El día de ayer cruzó el bosque poniendo cepos en los perdederos y disparando a los pájaros: amigos del alma sufren por quien es el centro de sus vidas, desde Palestina me escribieron con el dolor y la indignación de un pueblo escupido en la faz ante el silencio del mundo, hablé con Verónica del futuro tapiado de los refugiados rohingya en Bangladesh, y por la noche una muchacha lloraba en la calle.
A veces, a menudo, los sentidos no saben saltar la verja del sentido, no basta con nadar para limpiarse la roña de las circunstancias, la mugre de la realidad en los cabellos. Entonces hay que zambullirse, bracear hacia el fondo, hasta las ingles de la vida, donde somos recordados y propuestos. Porque previo al pasado es el antes, y desde allí no erramos sino nos encaminamos.
María Zambrano en Claros del bosque, un libro que deberíamos votar como nueva Constitución, escribió en el capítulo, La preexistencia del amor, un pequeño texto llamado, El despertar,
El despertar privilegiado no ha de tener lugar necesariamente desde el sueño. Puesto que sueño y vigilia no son dos partes de la vida, que ella, la vida, no tiene partes, sino lugares y rostros. Y así, del sueño y de ciertos estados de vigilia se puede despertar de este privilegiado modo que es el despertar sin imagen.

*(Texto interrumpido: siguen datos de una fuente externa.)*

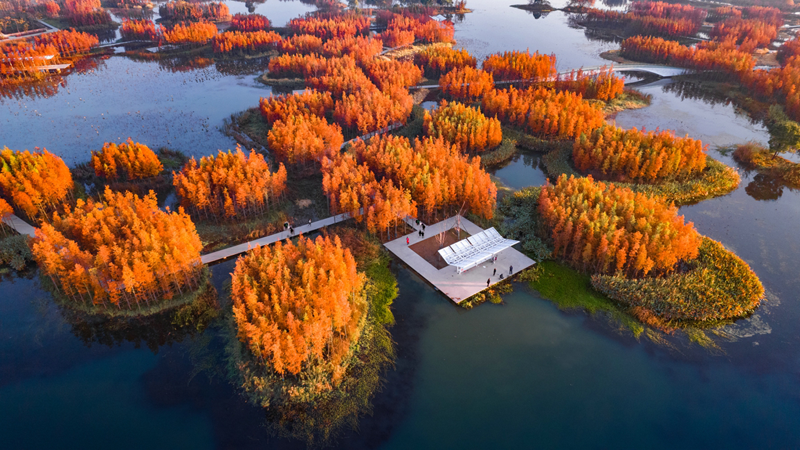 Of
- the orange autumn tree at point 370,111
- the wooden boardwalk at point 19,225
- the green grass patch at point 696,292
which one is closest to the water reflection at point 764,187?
the green grass patch at point 696,292

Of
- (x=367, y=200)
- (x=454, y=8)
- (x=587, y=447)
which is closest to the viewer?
(x=587, y=447)

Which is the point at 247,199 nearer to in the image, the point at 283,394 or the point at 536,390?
the point at 283,394

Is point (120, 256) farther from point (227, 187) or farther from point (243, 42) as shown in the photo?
point (243, 42)

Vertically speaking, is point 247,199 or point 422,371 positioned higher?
point 247,199

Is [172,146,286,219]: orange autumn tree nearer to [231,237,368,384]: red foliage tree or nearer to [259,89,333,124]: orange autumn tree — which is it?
[231,237,368,384]: red foliage tree

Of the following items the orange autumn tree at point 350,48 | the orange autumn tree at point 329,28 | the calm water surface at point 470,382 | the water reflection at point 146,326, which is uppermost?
the orange autumn tree at point 329,28

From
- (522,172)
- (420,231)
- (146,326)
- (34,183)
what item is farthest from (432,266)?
(34,183)

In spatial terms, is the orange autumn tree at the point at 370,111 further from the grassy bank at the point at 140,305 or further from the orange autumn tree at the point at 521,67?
the grassy bank at the point at 140,305

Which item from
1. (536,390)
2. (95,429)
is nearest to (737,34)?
(536,390)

Despertar sin imagen ante todo de sí mismo, sin imágenes algunas de la realidad, es el privilegio de este instante que puede pasar inasiblemente dejando, eso sí, la huella; una huella inextinguible, mas que no se puede descifrar, pues que no ha habido conocimiento. Y ni tan siquiera un simple registrar ese haber despertado a nuestro aquí, a este espacio-tiempo donde la imagen nos asalta. El haber respirado tan solo en una soledad privilegiada a orillas de la fuente de la vida. Un instante de experiencia preciosa de la preexistencia del amor: del amor que nos concierne y que nos mira, que mira hacia nosotros.

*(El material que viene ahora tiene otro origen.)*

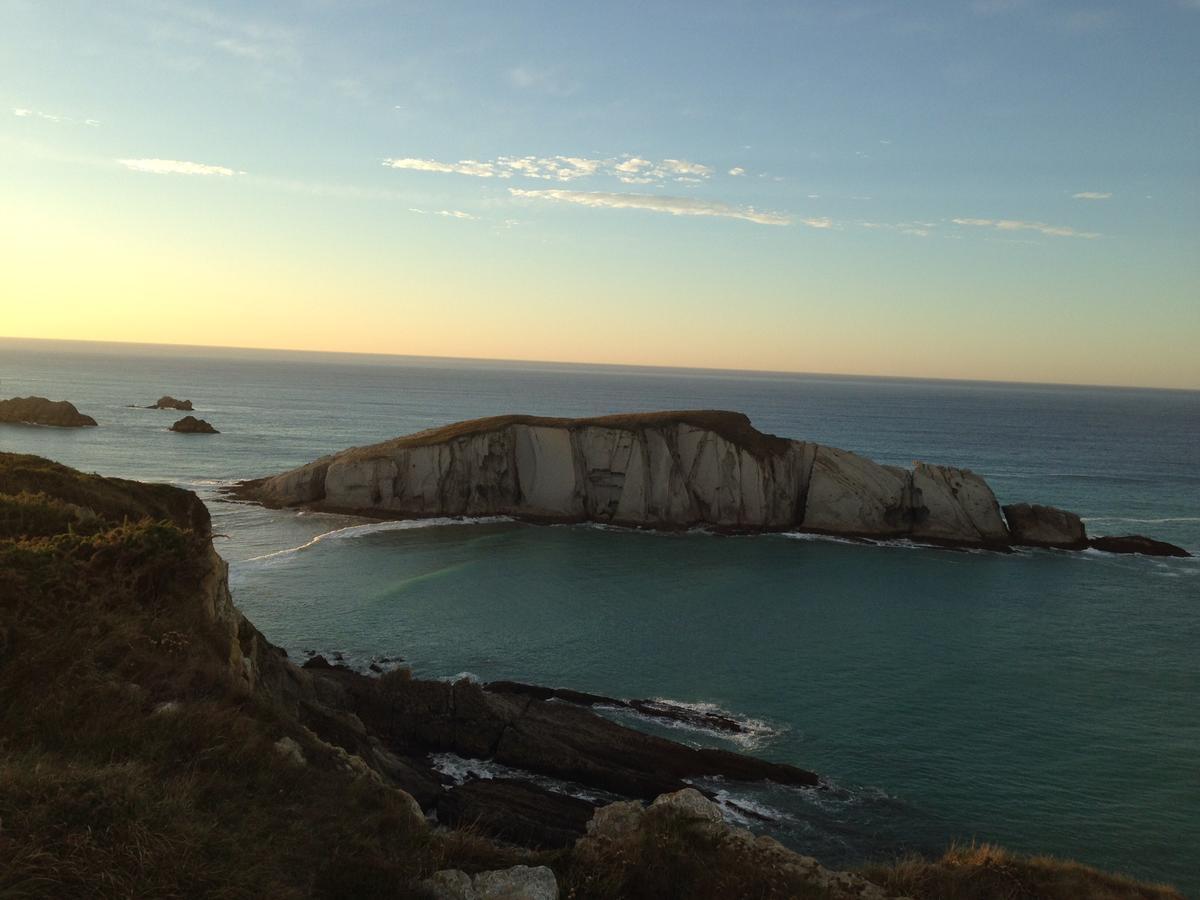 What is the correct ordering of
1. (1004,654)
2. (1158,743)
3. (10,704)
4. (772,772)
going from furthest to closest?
(1004,654) < (1158,743) < (772,772) < (10,704)

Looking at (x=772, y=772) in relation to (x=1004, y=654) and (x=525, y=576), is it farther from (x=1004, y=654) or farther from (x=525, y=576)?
(x=525, y=576)

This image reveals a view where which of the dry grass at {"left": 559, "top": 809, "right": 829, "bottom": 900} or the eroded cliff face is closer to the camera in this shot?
the dry grass at {"left": 559, "top": 809, "right": 829, "bottom": 900}

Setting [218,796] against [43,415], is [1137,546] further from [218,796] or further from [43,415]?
[43,415]

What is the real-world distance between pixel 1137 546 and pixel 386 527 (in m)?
48.5

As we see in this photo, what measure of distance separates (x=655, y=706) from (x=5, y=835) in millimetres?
19384

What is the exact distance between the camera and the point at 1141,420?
569ft

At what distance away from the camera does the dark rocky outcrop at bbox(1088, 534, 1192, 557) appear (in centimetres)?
4947

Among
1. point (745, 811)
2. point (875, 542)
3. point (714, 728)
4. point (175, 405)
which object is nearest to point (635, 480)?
point (875, 542)

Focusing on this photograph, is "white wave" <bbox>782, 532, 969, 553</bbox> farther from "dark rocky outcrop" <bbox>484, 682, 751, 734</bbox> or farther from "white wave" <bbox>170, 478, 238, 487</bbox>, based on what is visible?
"white wave" <bbox>170, 478, 238, 487</bbox>

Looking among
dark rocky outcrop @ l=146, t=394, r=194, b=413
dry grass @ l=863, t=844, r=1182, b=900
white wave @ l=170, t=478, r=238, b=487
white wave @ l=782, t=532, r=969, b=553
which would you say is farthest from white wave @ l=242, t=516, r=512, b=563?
dark rocky outcrop @ l=146, t=394, r=194, b=413

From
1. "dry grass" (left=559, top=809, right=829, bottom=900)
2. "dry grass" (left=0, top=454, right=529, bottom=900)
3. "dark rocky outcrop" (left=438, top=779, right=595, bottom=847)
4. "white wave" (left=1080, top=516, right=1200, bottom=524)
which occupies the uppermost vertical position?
"dry grass" (left=0, top=454, right=529, bottom=900)

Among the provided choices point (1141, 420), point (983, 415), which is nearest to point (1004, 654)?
point (983, 415)

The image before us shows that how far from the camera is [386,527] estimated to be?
51406mm

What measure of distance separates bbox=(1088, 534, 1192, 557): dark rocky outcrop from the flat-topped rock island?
5225 millimetres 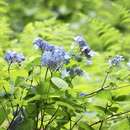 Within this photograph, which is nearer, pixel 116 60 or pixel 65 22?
pixel 116 60

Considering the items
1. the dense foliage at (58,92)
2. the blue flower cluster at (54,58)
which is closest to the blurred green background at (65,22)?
the dense foliage at (58,92)

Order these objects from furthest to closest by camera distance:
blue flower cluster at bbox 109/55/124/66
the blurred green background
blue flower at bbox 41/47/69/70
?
the blurred green background < blue flower cluster at bbox 109/55/124/66 < blue flower at bbox 41/47/69/70

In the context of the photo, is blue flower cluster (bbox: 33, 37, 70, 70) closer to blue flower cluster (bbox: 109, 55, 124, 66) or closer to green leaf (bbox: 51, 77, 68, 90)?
green leaf (bbox: 51, 77, 68, 90)

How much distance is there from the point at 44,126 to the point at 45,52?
0.99ft

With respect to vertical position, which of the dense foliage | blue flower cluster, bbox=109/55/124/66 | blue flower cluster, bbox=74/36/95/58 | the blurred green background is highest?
the blurred green background

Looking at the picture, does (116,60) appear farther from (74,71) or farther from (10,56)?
(10,56)

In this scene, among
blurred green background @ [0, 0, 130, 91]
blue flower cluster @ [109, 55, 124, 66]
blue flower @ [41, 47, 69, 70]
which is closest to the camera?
blue flower @ [41, 47, 69, 70]

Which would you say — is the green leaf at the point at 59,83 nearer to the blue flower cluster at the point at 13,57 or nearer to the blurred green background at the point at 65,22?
the blue flower cluster at the point at 13,57

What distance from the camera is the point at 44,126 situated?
4.91 feet

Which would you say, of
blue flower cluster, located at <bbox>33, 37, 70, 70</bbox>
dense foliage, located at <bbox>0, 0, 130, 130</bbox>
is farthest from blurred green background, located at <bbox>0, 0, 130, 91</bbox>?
blue flower cluster, located at <bbox>33, 37, 70, 70</bbox>

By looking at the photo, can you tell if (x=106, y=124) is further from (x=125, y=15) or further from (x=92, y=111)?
(x=125, y=15)

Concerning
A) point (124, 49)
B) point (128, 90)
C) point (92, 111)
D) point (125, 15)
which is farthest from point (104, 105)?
point (124, 49)

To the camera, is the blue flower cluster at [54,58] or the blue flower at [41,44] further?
the blue flower at [41,44]

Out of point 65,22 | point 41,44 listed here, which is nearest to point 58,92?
point 41,44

Un despertar sin imagen, así como debemos estar cuando todavía no hemos aprendido nuestro nombre, ni nombre alguno. Ya que el nombre está ligado a la normal condición humana, a la imagen o al concepto o a la idea. Y el nombre sin nada de ello no se nos ha dado. El de ‘Dios’ sabe a concepto, el de Amor fatalmente también; y el amor del que aquí se trata no es un concepto, sino (ya que imposible es al nombrarlo no dar un concepto) una concepción. Una concepción que nos atañe y que nos guarda, que nos vigila y que nos asiste desde antes, desde un principio. Y esto no se ve claro, se desliza este sentir sin llegar a ascender a saber, y se queda en lo hondo, casi subterráneo, viniendo de la fuente misma; de la fuente de la vida que sigue regando oculta, de la escondida, de la que no se quiere saber ‘do tiene su manida’, aunque la noche se haya retirado en este instante del privilegiado despertar.